Flux & Firescale

I’ve conducted a fair number if semi-formal experiments with
different fluxes on sterling and thought I might throw a slightly
different hat into the ring of this worthy topic.

Firstly I have to say that the Pripp’s flux mentioned and seconded
in this thread is worth the attention it gets. It’s pretty good
stuff! Others have made the point and I’ll re-iterate it: covering
the piece all over is a key step toward successfully banishing the
firescale demons.

Ok, that said, the question I had was “can we do better than
Pripp’s” assuming we’re mixing our own formulas. I’ll cut to the
chase and give a hearty recommendation for “The Theory and Practice
of Goldsmithing” by Dr. Erhard Brepohl, trans. Charles Lewton-Brain.
Starting in chapter four (p.122) and continuing in chapter eight
(p.295) Brepohl provides an invaluable examination of the chemistry
of fluxes in the melting and soldering processes. In a nutshell he
tells you how they work, when and why. You might think such a
discussion lofty and uninteresting but seeing his diagrams of oxides
forming and disappearing and then seeing the same thing happen on the
metal in front of you --finally I know what’s happening!-- can be
quite a heady experience.

Ok, the “hat” I promised: after much discussion and tweaking of
formulas Brephol recommends (p.300) what he calls a “melting” flux
of 2 parts borax, 2 parts potash (potassium carbonate) and 1 part
table salt. I mix a 1:1 solution using distilled water. Brepohl
indicates this flux is also good for soldering where firescale is a
concern but I just call it BMF (Brepohl’s Melting Flux).

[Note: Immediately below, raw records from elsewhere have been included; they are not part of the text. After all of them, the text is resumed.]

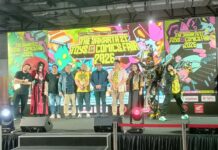 Opening Ceremony Jakarta Toys & Comic Fair 2026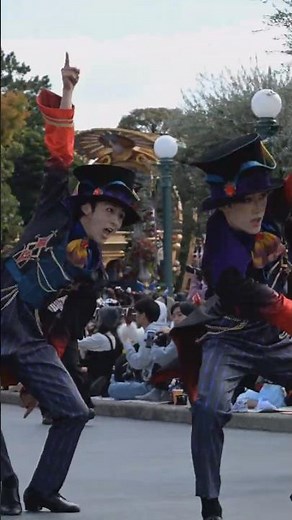 フレンジー 先頭ダンサーさん ザ・ヴィランズ・ハロウィーン Into the Frenzy 東京ディズニーランド パレード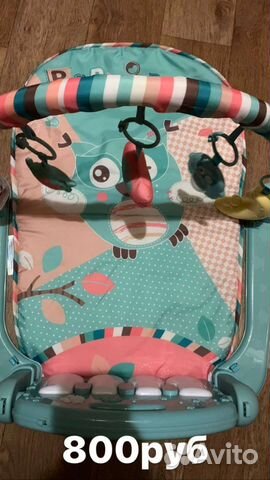 Развивающий коврик с пианино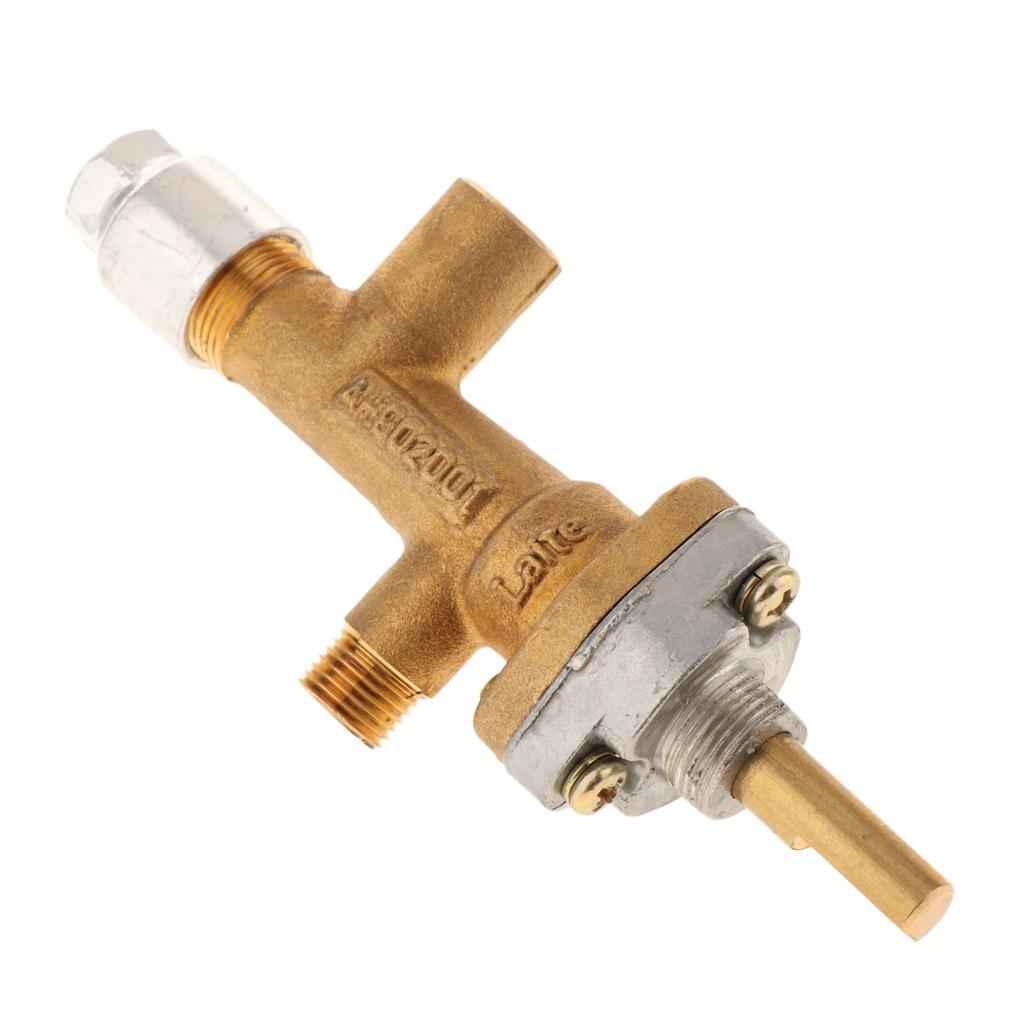Indoor Gas Furnace Valve Propane Gas Fire Pit Heater Main Control Valve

BMF has been a welcome discovery for me and has much eased my work
in sterling. In my experience BMF seems to sheet better over the
warmed surface of the workpiece than most of the other fluxes. There
is very little puffing or popping while it’s being heated to
soldering temperature. It also seems to last much longer under the
torch. (If you’ve got a good torch this latter point may not be
relevant to you but since I don’t it has been quite important to me.)
BMF also seems to both protect the surface of the workpiece
throughout the soldering process and clean off any other oxides
present. It leaves surprisingly little residue after soldering and
thus cleans off much quicker than most of the alternatives: a dip in
water to quench the piece, a short bath in room temperature pickle
(20 seconds up to a minute or so), a rinse, and a dry. Now you’ve got
a very clean piece and it’s back to work.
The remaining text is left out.